Congratulations, men.


----------



## car (Sep 30, 2009)

Well done! And congratulations!


----------



## Ravage (Sep 30, 2009)

A small overview of the road to the Green Beret:

[ame]http://www.youtube.com/watch?v=kCmfOXVZBZI[/ame]


----------



## Gypsy (Sep 30, 2009)

Well done, Men.  Congrats, and Godspeed!


----------



## RustyShackleford (Sep 30, 2009)

Tyrant said:


> I'll be there!



LOL!  Congrats dude!


----------



## Muppet (Sep 30, 2009)

Well done men.

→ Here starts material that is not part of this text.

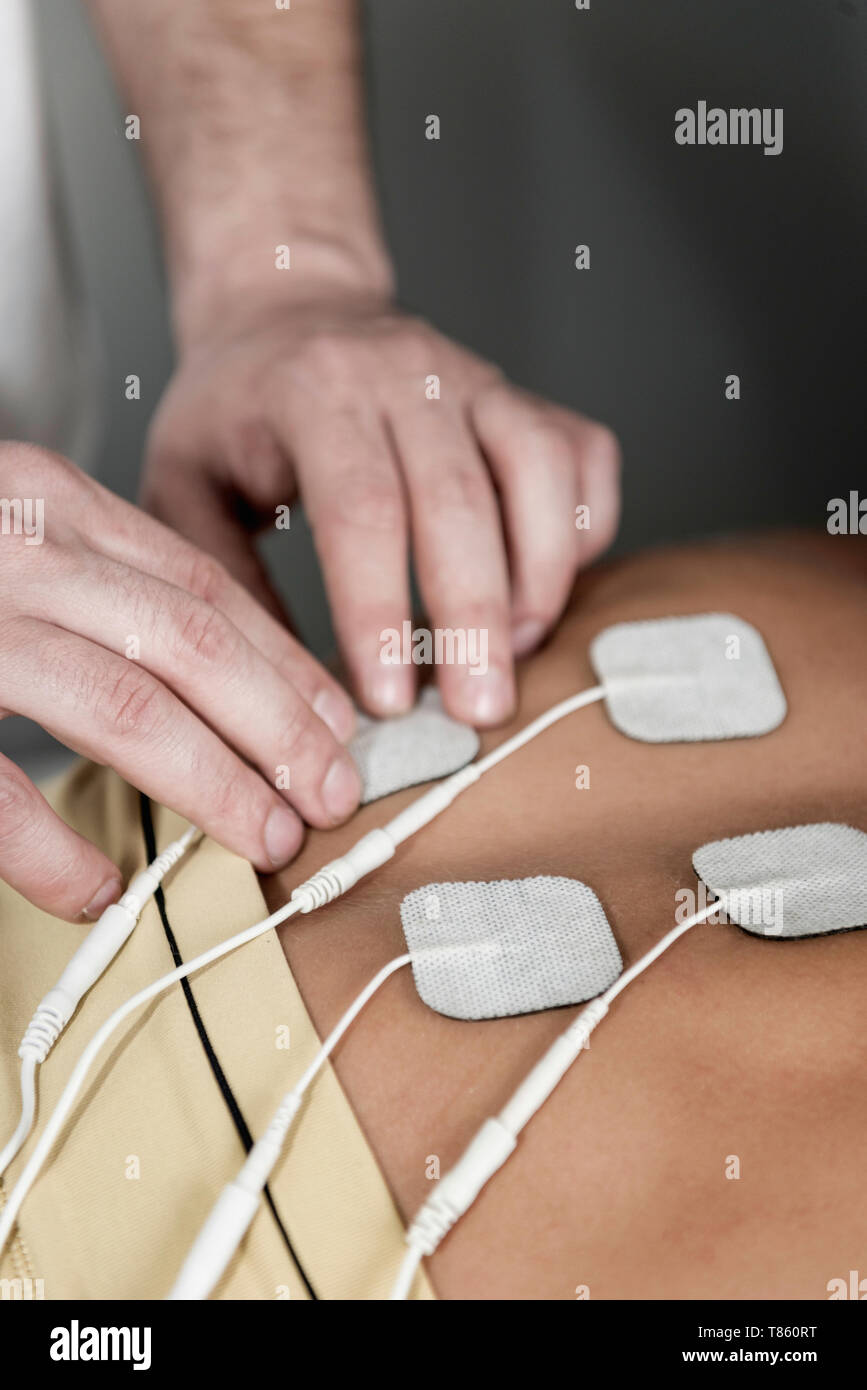 Placing TENS electrodes on upper back Stock Photo Alamy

Outstanding.

F.M.


----------



## Paddlefoot (Sep 30, 2009)

Congratulations, and good luck when you reach your units.


----------



## Centermass (Sep 30, 2009)

Tyrant said:


> I'll be there!



Congratulations Brother. :cool:


----------



## Gypsy (Sep 30, 2009)

Tyrant said:


> I'll be there!



:doh:  Congrats!!!


----------



## TLDR20 (Sep 30, 2009)

Tyrant said:


> I'll be there!



Congrats brother!!

I will be there as well, just to say congrats though


----------



## Poccington (Oct 1, 2009)

Tyrant said:


> I'll be there!



Congrats dude!

Also, congrats to everyone else that made it.


----------



## Frank S. (Oct 1, 2009)

Congratulations and heartfelt thanks for your service as well...


----------



## x SF med (Oct 1, 2009)

Tyrant
Congrats.  How many Service stripes did you earn while there?


----------



## Viper1 (Oct 1, 2009)

Congratulations!


----------



## TLDR20 (Oct 1, 2009)

Just got back from it, it was cool to see from the other side, not having to sweat my ass off standing at attention.


----------



## car (Oct 1, 2009)

cback0220 said:


> Just got back from it, it was cool to see from the other side, not having to sweat my ass off standing at attention.



Nice!


----------



## 7point62 (Oct 1, 2009)

What a proud moment for them.


----------



## Tyrant (Oct 1, 2009)

That was indeed a cool ceremony. Very professional.:cool:


----------



## harryd56 (Oct 1, 2009)

Congrads Gentlemen, Good Luck and may the good Lord bless you where ever you go.


----------



## harryd56 (Oct 1, 2009)

Congrads Gentlemen, Good Luck and may the good Lord bless you where ever you go.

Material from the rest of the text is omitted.